WDAN radio in Danville, Illinois signed them to a contract, and in 1940 held a contest to rename the Six Hoosiers. The $100 prizewinner suggested Captain Stubby and the Buccaneers. (During performances, Fouts would sometimes refer to them as "Captain Stubby and the bucket of tears.")

Appropriately, the band joined the U.S. Navy in 1944, Entertainment Division, going overseas to entertain sailors. After World War II they signed with WLS Radio in Chicago and performed on the popular National Barn Dance, heard throughout the Midwest.

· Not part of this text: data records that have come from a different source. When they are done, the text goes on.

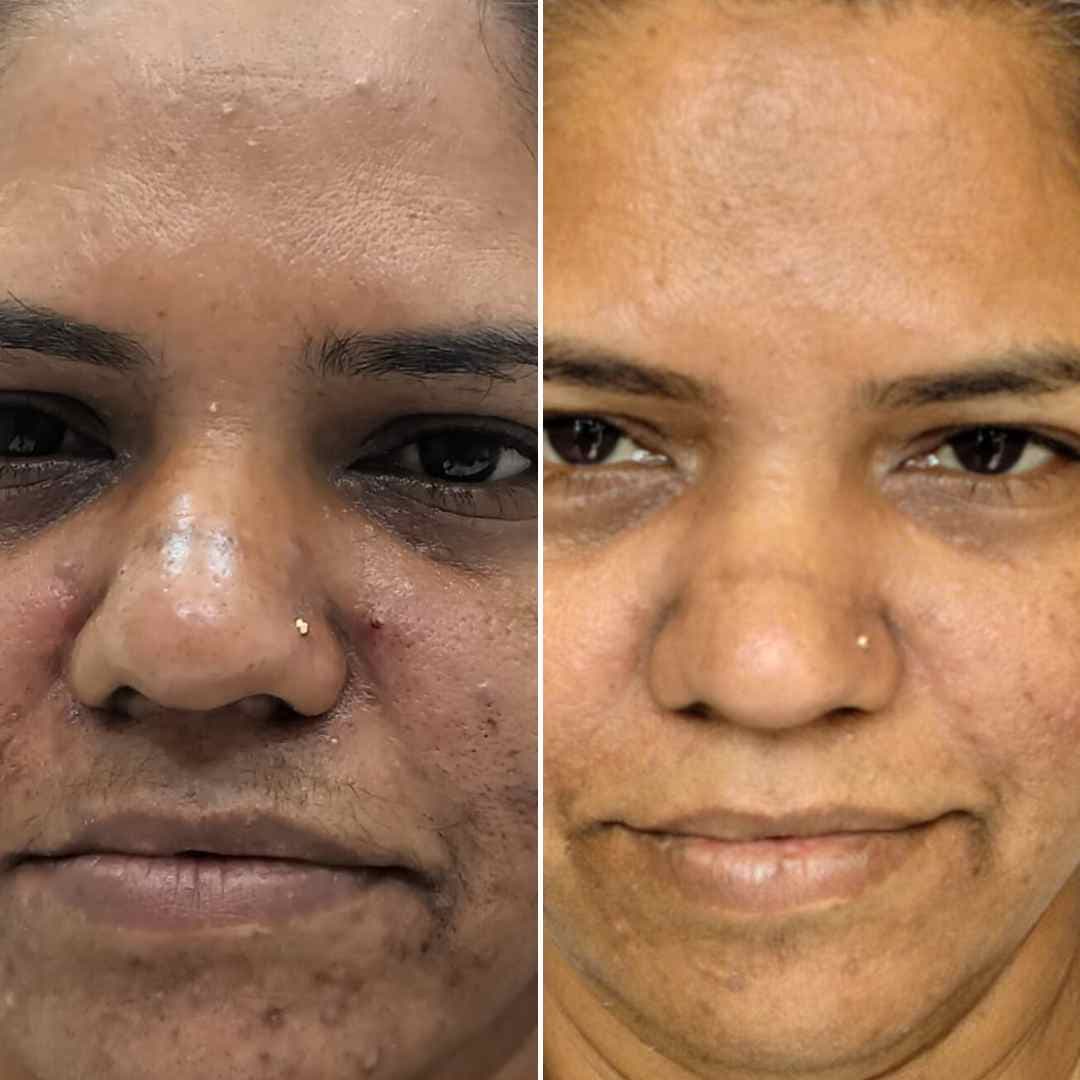 Black-peel-+-PRP.jpg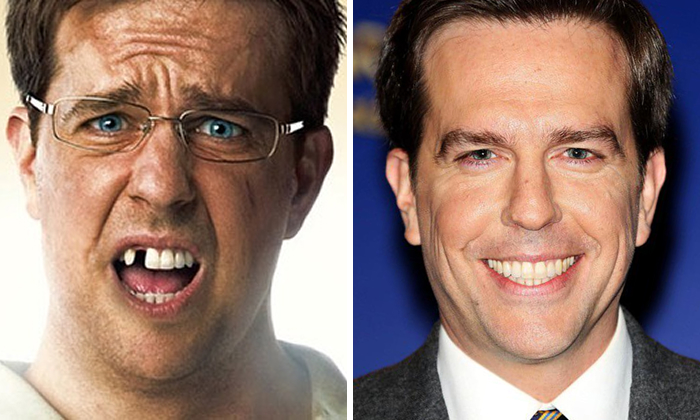 Ed Helms before and after celebrity dental implant makeover showing transformation from gaps to a glamorous smile with perfect teeth.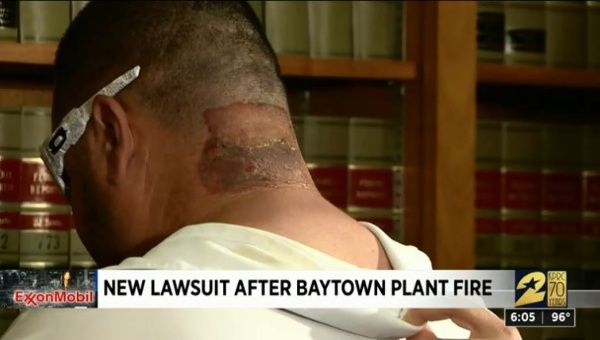 Alvaro Coronel showed his injuries to KPRC 2's report Bill Barajas in a report related to the lawsuit presented against ExxonMobil. 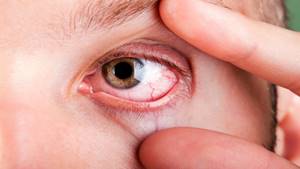 Разрыв сетчатки глаза: серьезно ли это, причины, лечение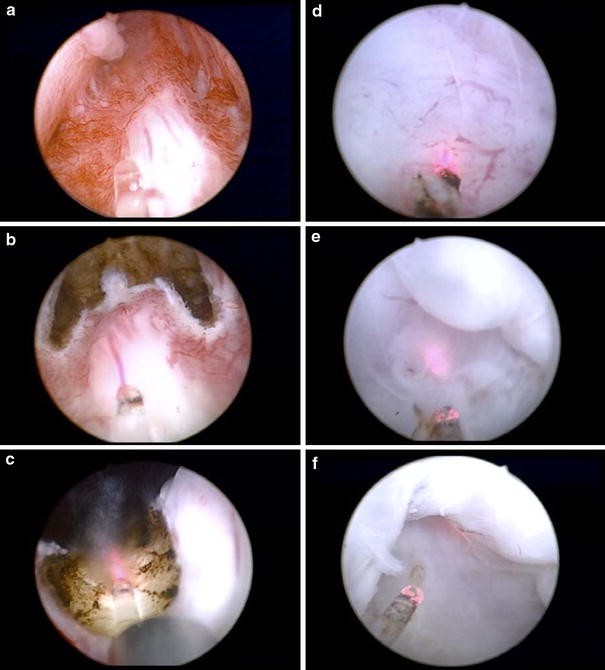 Thulium laser enucleation of the prostate (ThuLEP): transurethral  anatomical prostatectomy with laser support. Introduction of a novel  technique for the treatment of benign prostatic obstruction | SpringerLink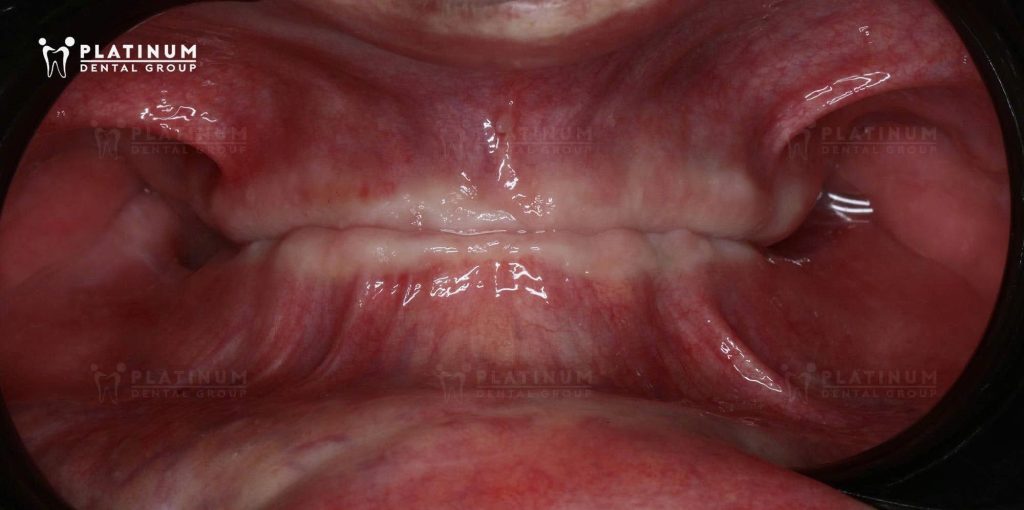 total tooth loss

Captain Stubby and the Buccaneers eventually became regulars on the ABC-TV program Polka Go-Round. They also recorded with five labels, performing many of Fouts' songs. With singer Lola Dee, they recorded the Mercury Records single "Padre" and "Takin' The Trains Out". Fouts was host of a syndicated talk show called Captain Stubby's Special Delivery. He also wrote for and performed on the national Don McNeill's Breakfast Club from 1968 until 1971.

==Advertising==
Captain Stubby and the Buccaneers first performed the original Roto-Rooter jingle on WLS in the early 1950s, and the recorded version became one of the longest-running tunes in the history of advertising, featuring Tom Fouts' bass voice in "Away go Troubles Down the Drain." Shortly before his death at 85 in 2004, he contributed to nostalgic radio spots for Roto-Rooter.

Captain Stubby also sang the 1959 Chicago White Sox fight song, "Let's Go, Go-Go White Sox", and was the voice of Green Giant's Little Sprout.